The US really thought it would be welcomed with flowers? That
it would be seen as the liberator? After it had, for ten years,
caused enormous suffering for the civilian population of Iraq
by its economic sanctions?
With others, I was surprised at the relative ease of
the first phase - the military conquest of Saddams forces. I
had assumed there would be grinding battles in the cities, that
the loss of civilian life there might cause the world to demand
the US withdrawal. But with the US Occupation we saw the beginning
of a "dual reality" - the "reality of Iraq"
as seen by the White House and transmitted by the US media,
and the "reality of Iraq" as seen from foreign news
sources, reaching us in the US either by BBC or the internet.

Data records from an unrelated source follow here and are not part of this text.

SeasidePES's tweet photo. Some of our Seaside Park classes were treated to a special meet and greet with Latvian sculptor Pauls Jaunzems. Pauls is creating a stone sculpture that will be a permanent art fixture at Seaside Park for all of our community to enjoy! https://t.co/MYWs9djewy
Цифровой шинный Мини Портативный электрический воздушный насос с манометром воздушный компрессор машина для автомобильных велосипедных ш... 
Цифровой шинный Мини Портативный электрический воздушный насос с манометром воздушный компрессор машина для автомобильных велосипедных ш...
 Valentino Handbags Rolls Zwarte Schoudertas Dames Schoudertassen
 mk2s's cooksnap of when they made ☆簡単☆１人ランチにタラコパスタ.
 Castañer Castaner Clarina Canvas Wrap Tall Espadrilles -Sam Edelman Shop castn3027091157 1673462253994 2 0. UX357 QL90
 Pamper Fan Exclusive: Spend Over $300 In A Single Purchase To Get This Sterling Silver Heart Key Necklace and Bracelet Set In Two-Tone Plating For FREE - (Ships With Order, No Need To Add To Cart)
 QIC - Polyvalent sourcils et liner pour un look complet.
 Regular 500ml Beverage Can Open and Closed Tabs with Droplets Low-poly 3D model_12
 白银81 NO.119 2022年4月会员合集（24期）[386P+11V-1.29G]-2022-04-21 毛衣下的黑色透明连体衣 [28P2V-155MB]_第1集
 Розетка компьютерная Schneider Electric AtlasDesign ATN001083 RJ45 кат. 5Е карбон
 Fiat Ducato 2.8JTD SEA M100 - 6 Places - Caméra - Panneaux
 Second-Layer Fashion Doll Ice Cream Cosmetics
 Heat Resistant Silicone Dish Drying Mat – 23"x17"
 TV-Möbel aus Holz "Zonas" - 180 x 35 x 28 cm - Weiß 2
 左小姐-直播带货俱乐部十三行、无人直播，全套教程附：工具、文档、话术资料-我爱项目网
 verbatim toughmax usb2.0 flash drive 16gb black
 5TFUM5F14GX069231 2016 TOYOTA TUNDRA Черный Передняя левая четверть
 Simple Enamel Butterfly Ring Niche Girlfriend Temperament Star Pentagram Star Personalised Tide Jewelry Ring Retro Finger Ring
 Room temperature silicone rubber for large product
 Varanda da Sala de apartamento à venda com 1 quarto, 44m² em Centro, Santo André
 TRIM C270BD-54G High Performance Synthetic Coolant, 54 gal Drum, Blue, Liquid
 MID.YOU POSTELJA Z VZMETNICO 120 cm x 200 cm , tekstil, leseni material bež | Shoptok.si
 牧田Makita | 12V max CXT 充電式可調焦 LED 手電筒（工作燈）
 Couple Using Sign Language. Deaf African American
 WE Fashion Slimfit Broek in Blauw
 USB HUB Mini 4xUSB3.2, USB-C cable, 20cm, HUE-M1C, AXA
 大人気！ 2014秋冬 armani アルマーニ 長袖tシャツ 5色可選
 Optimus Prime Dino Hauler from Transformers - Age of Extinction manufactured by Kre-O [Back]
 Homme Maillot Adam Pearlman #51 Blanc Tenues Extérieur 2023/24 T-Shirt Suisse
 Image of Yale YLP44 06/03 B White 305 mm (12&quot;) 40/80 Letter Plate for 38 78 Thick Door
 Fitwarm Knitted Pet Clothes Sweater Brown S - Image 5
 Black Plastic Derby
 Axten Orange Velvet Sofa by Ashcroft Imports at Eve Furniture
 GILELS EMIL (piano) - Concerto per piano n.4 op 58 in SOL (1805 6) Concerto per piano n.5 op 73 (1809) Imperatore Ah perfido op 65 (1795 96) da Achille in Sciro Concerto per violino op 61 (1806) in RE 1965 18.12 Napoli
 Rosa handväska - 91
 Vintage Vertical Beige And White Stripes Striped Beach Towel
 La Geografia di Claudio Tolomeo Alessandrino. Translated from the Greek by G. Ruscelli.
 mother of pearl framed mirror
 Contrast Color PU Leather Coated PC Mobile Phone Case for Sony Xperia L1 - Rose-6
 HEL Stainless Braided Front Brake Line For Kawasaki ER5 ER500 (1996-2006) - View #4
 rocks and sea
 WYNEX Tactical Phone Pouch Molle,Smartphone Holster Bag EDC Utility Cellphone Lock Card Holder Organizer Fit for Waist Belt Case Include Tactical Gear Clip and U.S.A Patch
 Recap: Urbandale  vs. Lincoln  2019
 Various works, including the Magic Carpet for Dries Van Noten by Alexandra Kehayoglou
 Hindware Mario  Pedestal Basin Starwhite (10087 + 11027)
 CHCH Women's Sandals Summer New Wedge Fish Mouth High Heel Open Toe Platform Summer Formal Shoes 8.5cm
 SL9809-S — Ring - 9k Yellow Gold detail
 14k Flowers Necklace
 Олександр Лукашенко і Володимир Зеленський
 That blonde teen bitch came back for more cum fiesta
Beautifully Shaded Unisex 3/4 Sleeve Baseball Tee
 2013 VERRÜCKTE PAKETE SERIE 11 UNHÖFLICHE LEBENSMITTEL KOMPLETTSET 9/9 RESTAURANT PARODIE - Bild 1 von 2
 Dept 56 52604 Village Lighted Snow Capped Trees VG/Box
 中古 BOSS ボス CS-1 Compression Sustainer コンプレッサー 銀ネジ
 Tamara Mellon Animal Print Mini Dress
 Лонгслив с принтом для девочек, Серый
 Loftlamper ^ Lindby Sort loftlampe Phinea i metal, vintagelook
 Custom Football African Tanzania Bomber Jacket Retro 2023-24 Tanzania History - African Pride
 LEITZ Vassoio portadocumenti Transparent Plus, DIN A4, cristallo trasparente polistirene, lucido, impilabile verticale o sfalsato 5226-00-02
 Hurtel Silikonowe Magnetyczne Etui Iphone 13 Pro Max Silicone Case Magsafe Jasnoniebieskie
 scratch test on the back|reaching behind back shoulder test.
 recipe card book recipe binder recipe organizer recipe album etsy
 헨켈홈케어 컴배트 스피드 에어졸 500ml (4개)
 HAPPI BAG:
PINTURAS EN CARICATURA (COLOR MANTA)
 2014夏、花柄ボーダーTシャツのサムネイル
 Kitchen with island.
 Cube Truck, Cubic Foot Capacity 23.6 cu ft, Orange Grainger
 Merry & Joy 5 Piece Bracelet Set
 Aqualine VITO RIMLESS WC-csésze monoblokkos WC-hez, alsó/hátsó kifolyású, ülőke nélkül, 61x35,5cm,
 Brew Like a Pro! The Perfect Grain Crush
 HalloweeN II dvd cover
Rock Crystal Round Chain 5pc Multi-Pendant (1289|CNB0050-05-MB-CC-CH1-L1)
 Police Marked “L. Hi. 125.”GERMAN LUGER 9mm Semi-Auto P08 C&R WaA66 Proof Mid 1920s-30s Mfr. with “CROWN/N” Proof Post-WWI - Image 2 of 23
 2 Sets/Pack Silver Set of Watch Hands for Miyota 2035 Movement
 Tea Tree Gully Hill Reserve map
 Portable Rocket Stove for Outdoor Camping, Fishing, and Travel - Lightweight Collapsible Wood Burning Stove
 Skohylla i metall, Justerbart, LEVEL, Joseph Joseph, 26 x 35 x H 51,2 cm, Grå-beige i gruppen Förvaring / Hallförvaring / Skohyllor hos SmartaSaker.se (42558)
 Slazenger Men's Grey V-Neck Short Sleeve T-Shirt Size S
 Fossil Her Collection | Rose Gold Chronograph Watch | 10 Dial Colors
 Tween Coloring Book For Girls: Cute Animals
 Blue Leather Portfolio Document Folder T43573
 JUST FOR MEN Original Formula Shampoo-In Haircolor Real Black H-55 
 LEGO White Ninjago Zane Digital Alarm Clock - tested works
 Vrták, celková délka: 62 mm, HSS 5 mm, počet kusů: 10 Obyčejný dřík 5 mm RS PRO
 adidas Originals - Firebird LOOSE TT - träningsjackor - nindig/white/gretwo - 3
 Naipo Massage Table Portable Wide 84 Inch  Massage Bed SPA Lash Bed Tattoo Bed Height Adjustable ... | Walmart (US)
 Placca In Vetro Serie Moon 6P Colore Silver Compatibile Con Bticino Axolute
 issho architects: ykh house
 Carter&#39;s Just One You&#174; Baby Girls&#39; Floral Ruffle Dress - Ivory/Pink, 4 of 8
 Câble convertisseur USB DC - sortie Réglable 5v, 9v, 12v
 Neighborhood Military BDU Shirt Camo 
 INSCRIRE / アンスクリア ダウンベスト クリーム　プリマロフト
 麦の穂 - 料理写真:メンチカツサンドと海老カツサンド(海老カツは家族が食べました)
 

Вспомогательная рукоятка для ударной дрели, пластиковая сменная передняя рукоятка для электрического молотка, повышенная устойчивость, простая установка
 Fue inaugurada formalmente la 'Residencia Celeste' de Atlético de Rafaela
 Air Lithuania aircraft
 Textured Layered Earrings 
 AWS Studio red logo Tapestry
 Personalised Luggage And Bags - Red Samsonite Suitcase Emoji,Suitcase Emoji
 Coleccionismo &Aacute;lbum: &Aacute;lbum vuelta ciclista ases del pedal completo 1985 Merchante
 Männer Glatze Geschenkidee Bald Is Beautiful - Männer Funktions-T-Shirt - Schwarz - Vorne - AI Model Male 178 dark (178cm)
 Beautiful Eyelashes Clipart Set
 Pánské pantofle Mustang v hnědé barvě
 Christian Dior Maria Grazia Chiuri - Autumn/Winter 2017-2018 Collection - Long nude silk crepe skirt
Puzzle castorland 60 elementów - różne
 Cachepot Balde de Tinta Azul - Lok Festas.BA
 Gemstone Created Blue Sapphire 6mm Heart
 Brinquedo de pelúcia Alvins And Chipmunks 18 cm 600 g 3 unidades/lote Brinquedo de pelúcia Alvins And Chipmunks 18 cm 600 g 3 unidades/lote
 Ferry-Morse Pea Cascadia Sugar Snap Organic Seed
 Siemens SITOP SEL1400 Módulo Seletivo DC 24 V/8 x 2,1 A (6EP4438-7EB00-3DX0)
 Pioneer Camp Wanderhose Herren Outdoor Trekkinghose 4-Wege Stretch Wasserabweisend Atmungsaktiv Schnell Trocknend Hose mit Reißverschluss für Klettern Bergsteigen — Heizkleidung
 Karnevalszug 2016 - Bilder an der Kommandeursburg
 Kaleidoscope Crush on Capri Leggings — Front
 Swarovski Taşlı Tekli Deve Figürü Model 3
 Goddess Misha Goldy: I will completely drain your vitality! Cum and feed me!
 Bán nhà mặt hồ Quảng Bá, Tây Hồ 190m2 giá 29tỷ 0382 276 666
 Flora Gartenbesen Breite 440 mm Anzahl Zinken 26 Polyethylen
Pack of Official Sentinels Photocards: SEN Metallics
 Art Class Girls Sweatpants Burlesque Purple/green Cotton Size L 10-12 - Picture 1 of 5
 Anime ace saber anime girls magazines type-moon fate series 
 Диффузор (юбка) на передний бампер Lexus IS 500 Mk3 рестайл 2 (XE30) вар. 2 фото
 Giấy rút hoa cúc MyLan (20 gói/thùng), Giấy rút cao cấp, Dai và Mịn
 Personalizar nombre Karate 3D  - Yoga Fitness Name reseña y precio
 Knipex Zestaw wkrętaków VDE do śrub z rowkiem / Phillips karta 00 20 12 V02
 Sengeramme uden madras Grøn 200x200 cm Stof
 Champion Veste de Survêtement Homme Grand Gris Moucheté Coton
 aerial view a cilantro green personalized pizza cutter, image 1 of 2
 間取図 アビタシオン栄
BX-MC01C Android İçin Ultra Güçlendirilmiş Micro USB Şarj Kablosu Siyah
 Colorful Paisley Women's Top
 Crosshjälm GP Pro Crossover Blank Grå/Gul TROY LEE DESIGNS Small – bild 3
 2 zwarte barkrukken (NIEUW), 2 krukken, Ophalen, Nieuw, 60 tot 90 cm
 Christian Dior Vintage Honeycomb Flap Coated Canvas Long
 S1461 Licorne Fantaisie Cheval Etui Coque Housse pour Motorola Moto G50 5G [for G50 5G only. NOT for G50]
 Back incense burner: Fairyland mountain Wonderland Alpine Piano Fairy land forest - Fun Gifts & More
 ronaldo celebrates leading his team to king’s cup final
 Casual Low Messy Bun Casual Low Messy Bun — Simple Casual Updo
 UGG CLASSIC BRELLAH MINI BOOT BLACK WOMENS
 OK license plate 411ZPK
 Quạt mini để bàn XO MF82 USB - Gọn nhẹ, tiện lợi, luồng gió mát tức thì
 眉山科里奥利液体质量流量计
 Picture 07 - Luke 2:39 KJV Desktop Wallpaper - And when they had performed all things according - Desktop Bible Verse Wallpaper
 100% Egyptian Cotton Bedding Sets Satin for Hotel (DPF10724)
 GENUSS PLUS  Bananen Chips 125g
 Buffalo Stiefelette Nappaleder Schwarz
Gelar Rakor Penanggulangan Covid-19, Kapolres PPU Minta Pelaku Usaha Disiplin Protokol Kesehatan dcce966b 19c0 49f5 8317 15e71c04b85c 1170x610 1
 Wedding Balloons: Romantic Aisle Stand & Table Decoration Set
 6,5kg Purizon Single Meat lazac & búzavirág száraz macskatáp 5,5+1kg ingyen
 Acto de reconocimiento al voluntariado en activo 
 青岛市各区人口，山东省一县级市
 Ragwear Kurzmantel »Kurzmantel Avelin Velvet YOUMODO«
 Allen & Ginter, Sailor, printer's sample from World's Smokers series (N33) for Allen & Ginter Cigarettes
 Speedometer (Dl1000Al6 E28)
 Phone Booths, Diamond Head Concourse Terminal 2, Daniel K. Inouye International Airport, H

(In fairness, much of the truth was there in the New York Times,
the Washington Post, and other newspapers - but not in that
part of the media which most shapes public opinion - the world
of "Fox News").
It is possible those around Bush believed their own
news reports. It is said that April is the cruellest month -
for many American and Iraqi families this has been an unusually
cruel and bloody month. April clearly caught the Pentagon by
surprise. Even Rumsfeld admitted he didn't expect things to
be this difficult a year after "victory".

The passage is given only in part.